Apenas alguns exemplos:
As crianças soldados na Birmânia: comentei esta questão com alguém referindo ao tratamento a que são sujeitas quando não querem pegar numa arma e matar, tratamento esse que inclui espancamentos e cortes nas pernas. Ouvi o seguinte:” Mas afinal porque te preocupas, eles sempre estiveram habituados a essas coisas…” E eu pergunto-me será o sangue de uma criança birmanesa é diferente de uma portuguesa, francesa, espanhola ou inglesa?
Quando cheguei ao Quénia em Outubro de 2007 em missão de reconhecimento do terreno, confrontei-me com algo que julgava não existir, dado este país ser um destino turístico muito conhecido: em Kissi, uma região algo remota, foi acolhida em ambiente de festa pois pela primeira vez poderiam tocar num branco. Tanto a minha pela como a cor do meu cabelo, louro, foram muito apreciados e considerados belos, macios, o que deu uma enorme satisfação àquelas gentes.
As crianças que residem no Wanalea Children’s Home quando chegaram foi com desconfiança que para mim olharam, pois para eles branco é o Outro que subjuga, que nem sempre é bom, que ignora. Depois de estarem mais à vontade, vendo que eu não era “desses” a minha pele e o meu cabelo foram tocados, mexidos e remexidos e as gargalhadas e o contentamento foi enorme. Hoje, estou convicta que quando para mim olham nem “vêem” a cor da minha pele, mas simplesmente a “mummy” que por eles trabalha, que deles cuida.

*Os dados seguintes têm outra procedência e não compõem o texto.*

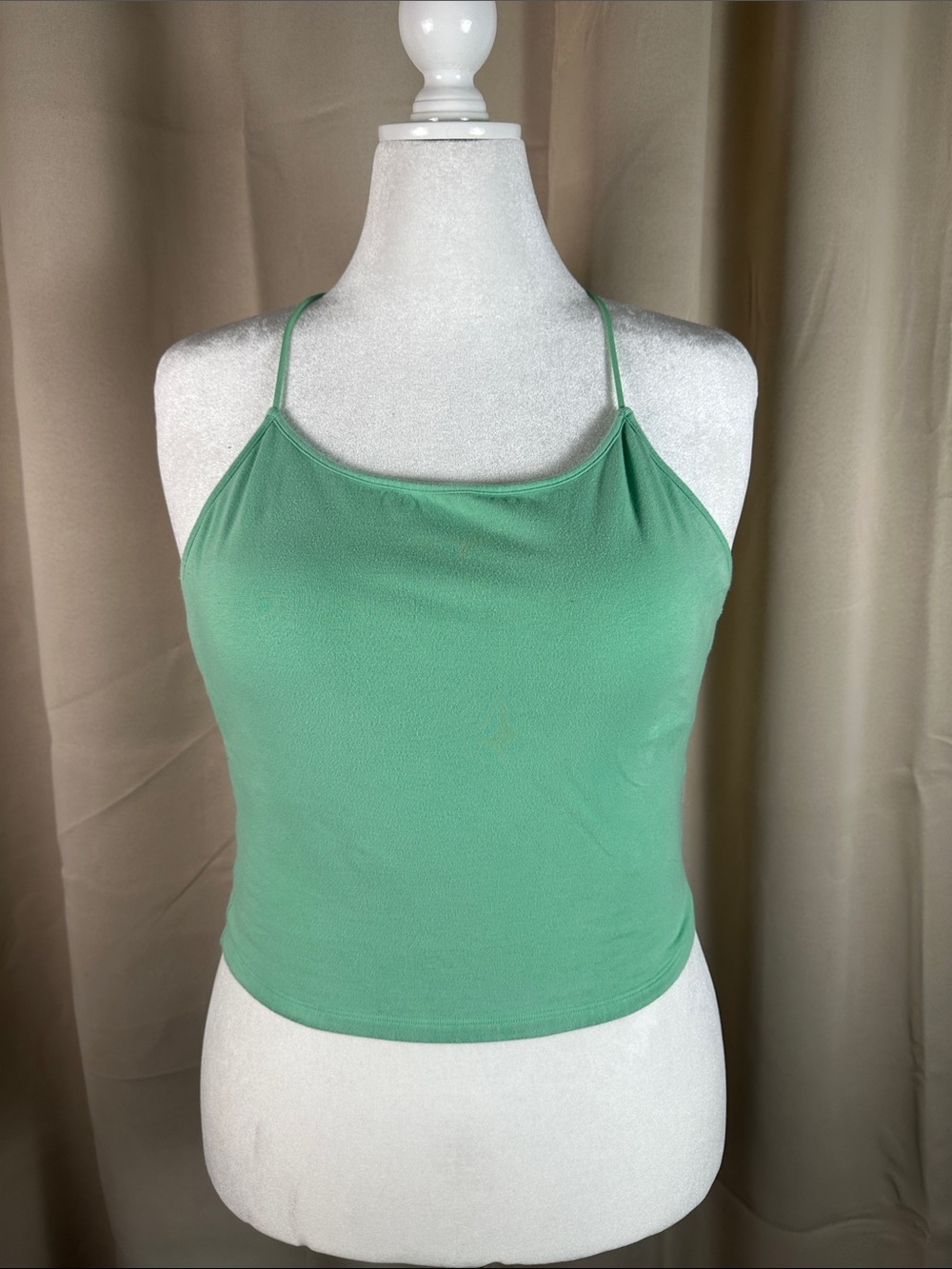 American Eagle Outfitters Green Spaghetti Strap Cami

Entre as 26 crianças que estão no Centro, existem 5 tribos diferentes: Luho, Kikuyo, Massai, Meru e Kissii. Todas elas sabem a que tribo pertencem, todas elas ainda não esqueceram o dialecto que falavam antes de aprender o swahili e o inglês, todas elas se orgulham das suas raízes. Mas também todas elas sabem que fazem parte de um país que se chama Quénia e que todas elas são quenianas. Se estas crianças podem ultrapassar barreiras raciais e tribais e ter abertura para o conhecimento do Outro, porque é que a nós ditos “civilizados” nos é tão difícil fazê-lo?
Deixo esta reflexão para o dia 21 de Março, pois é preciso ainda muita coisa mudar. A tolerância tem de ir mais longe e há que ter uma maior vontade de conhecer esse “Outro” que em ultima análise é o outro lado de nós mesmos.